There is this amazing. So my favorite journalist is Fareed Zakaria, you can watch him on CNN on Sundays, and he has a column in the Washington Post that he puts out every week. He talks about this amazing study that was done, that had to do with the economic impact of the workforce in the US and the economy in the US of not having more favorable family leave policy, to fast-forward through the minutiae of it. Should the US have policies more similar to what you see in Europe? It would enable so many more women to be active in the workforce and it would add over 10 years over a trillion dollars to the US economy. So this is both, people that leave the workforce because the cost of daycare is something close to the cost of the amount of money they make after taxes in their job, and so they’re going to stay home and spend time with their kids.
So getting back into the workforce after doing that is unbelievably hard. A number of these people have completed successfully higher education or working in very powerful jobs. These are exactly the kinds of people that companies want to hire. They’re exactly the kinds of people that drive our economy. And so there’s this massive, massive pool of talent that is basically forced to the sidelines because of family leave policy and not having a national policy in the US. And that often is very much at the root of the issue in my mind, because the thing that we talk about VentureOut is the best way to have an impact on a farm ecosystem is to create success stories.

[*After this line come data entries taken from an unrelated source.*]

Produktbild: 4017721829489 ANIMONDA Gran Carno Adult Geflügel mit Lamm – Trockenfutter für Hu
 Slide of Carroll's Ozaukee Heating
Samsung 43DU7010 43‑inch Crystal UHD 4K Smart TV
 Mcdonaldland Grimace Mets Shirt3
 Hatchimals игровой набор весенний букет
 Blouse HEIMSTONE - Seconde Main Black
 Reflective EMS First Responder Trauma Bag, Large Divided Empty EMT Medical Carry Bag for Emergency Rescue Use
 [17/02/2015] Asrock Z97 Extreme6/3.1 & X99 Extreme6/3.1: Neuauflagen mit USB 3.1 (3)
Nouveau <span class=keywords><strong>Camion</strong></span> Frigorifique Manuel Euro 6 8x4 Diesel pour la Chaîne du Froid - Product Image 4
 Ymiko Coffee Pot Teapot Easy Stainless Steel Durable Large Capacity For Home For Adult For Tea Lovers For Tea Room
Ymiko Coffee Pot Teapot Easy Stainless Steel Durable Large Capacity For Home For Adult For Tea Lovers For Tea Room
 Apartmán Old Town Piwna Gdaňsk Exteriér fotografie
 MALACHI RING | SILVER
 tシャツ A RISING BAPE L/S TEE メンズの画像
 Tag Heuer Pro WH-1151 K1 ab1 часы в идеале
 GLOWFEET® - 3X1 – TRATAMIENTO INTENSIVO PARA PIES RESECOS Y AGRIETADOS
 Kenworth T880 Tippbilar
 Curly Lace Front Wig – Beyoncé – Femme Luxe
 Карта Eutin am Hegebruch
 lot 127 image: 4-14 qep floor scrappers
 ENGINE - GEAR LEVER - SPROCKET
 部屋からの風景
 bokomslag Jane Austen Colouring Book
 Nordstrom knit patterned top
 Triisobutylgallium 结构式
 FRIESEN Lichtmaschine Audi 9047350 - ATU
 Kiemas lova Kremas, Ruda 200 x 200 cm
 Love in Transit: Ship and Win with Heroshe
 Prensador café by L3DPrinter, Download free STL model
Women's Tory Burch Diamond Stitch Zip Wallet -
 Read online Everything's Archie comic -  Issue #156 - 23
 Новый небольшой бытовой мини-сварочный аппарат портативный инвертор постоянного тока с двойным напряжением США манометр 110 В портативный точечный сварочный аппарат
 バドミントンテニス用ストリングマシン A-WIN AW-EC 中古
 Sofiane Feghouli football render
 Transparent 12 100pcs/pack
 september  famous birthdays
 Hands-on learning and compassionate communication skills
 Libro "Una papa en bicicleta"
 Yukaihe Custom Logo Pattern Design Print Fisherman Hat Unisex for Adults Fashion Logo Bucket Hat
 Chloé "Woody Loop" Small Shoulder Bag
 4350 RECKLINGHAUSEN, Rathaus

Because if you take those success stories and you showcase them to the community, it’s easier for the next generation to feel like it’s possible for them. There’s no lack of female success stories when it comes to any aspect, any sector, any role. But when you look at the actual statistics of the percentage of boards of Fortune’s 1000 companies, the percentage of CEOs of those companies, the percentage of founders that are female in funded companies at any stage in tech, it is completely misrepresentative of the base population. So while there are a lot of stories because of these policies, there are so many less than there otherwise would be. So that issue is something that starts really there and creates more of an opportunity for the amazing women in our country to be able to stay in their careers.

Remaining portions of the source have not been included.